Les passions montent, au nord de la Côte d’Ivoire, autour des conditions d’exploitation de la mine d’or de Tongon, située à quelques dizaines de kilomètres au nord de Korhogo. En effet, les activités liées à l’exploitation de l’une des plus importantes mines du pays, concédée à la société canadienne Barrick Gold, ne profitent que très peu aux autochtones.
Un article de nos confrères de Koaci datant du 25 février 2024 fait état d’une mise à l’écart des sociétés ivoiriennes au détriment de sociétés étrangères, et tout particulièrement maliennes. Avec comme conséquences directes le fait que l’importante activité de la mine ne génère que peu de retombées en termes d’emplois et de revenus pour les entreprises ivoiriennes, qui se voient préférées des entreprises étrangères, qui ne contribuent pas au développement des localités alentour, comme le déplore le Comité mixte des villages riverains dans un communiqué dont Koaci cite de longs passages.
La situation est particulièrement mal tolérée localement pour la société SAMA, l’une des rares entreprises ivoiriennes présentes sur le site, employant largement une main d’œuvre locale, et dont l’activité profite directement aux autochtones. Celle-ci apparaît clairement capable d’assurer un volume d’activité plus important que celui qui lui est dévolu, au profit d’autres acteurs, en particulier maliens, recourant prioritairement à une main d’œuvre étrangère. Très logiquement, SAMA pourrait constituer le levier naturel d’une meilleure répartition de la richesse produite par l’activité de la mine, en développant une action de proximité en termes de responsabilité sociale et environnementale, volet que les entreprises étrangères, aujourd’hui privilégiées par Barrick Gold, ne mettent évidemment pas en avant.

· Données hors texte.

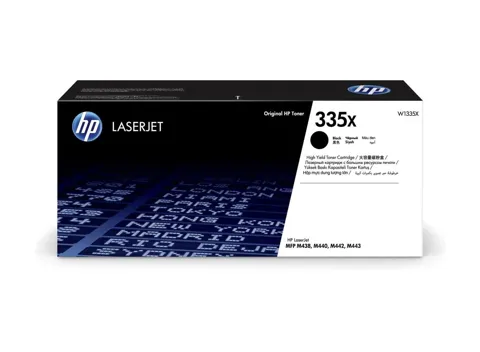 Toner orig. HP w1335x 335x 13,7k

Le moment est particulièrement bien choisi pour faire entendre ces revendications issues de la société civile, puisque plusieurs contrats de sous-traitants et prestataires arrivent à leur terme. Ainsi, la fin du contrat de la Tongonaise de Mines, la TOMI, est tout particulièrement scruté, le bruit courant que son activité serait désormais attribuée à une société malienne, ce qui, dans le contexte des tensions actuelles entre les deux pays et de la sortie du Mali de la CEDEAO, paraîtrait tout particulièrement peu opportun, voire contre-productif.
Une lutte de positionnement s’annonce entre les différents acteurs et nombreux sont les habitants des localités voisines qui souhaitent qu’une entreprise locale, comme SAMA, puisse élargir à cette occasion sa part de marché dans les activités de la mine de Tongon, pour le plus grand profit des populations du département de M’Bengué.
Au-delà des rivalités régionales ou internationales, c’est bien la gouvernance de grands groupes miniers souvent oublieux des réalités locales, qui est en question dans cette région du Nord de la Côte d’Ivoire : comment faire mieux profiter les autochtones des richesses extraites du sol légué par leurs ancêtres ? A l’évidence, la problématique des retombées locales en termes d’activités et de revenus ne peut plus être ignorée ou méconnue, comme elle a pu l’être dans le passé.